Editor’s Note: The article first appeared in the April 8, 2022 flipbook.
Even before becoming one of the best college tennis players in the country, sophomore Micah Braswell found himself surrounded by tennis champs who helped him through early struggles.
At the age of 12, Braswell suffered what would be the first of two stress fractures to his vertebrae.
“That was when I was really feeling myself start to improve,” Braswell said. “It was really tough for me and my dad. It took us a while to figure out. ”
Braswell’s tennis career started when he was five. With coaching from his father Ty, a former player and assistant coach for the Florida State Seminoles, Braswell quickly found a love for the game.
Alongside his father, Braswell found a second mentor in his young tennis career: former top-five player Jimmy Arias. When Arias wasn’t working as a commentator for the Tennis Channel, the former pro helped Braswell throughout his childhood.
“Just knowing that he was on top of the game helps me really trust whatever he has to say,” Braswell said. “He’s been a great mentor for my whole tennis career.”
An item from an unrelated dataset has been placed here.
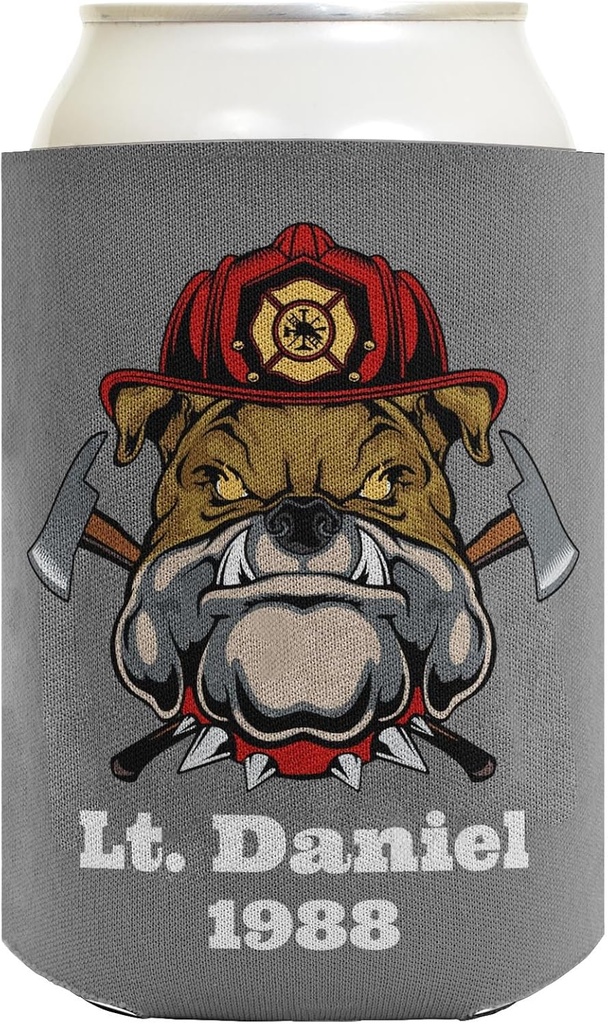 fire-fighter-gifts-for-adults-personaliz-5.jpg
With the help of his father and Arias, Braswell rose to the top of the ITF junior rankings. He reached the number one recruit spot in the country, according to the Tennis Recruiting Network. Riding his success as a junior player, Braswell committed to his father’s alma mater, Florida State.
“I’d grown up going to camps at Florida State, and I love that school,” Braswell said.
After a successful senior year, however, Braswell began to take advice from Brandon Wagner, Texas tennis’s assistant head coach.
“He started recruiting me a little bit,” Braswell said. “Being able to meet Bruce (Berque) and realize (his coaching skills) was the biggest attraction.”
“I’ve known Micah for several years before starting at Texas,” Wagner said. “I saw the vision of him being an excellent college player and nurtured that along the way.”
With the guidance of Wagner, the leadership of head coach Berque and the ability to play with other standout players, Braswell was hooked. Entering the team his freshman year, he wasted no time establishing his place, becoming a staple of the Longhorn lineup his first year. Braswell won the first nine matches of his career and finished out fall play winning 12 of 13.
“Coming in, I feel like there wasn’t a lot of pressure on me,” Braswell said, “I was able to have a really good first semester even during COVID.”
Braswell rode his early success into one of the most prolific freshman seasons in Texas tennis history. He finished as the Big 12 Freshman of the Year as well as Second-Team All-Big 12, all while helping the Longhorns make the Tennis Final Four.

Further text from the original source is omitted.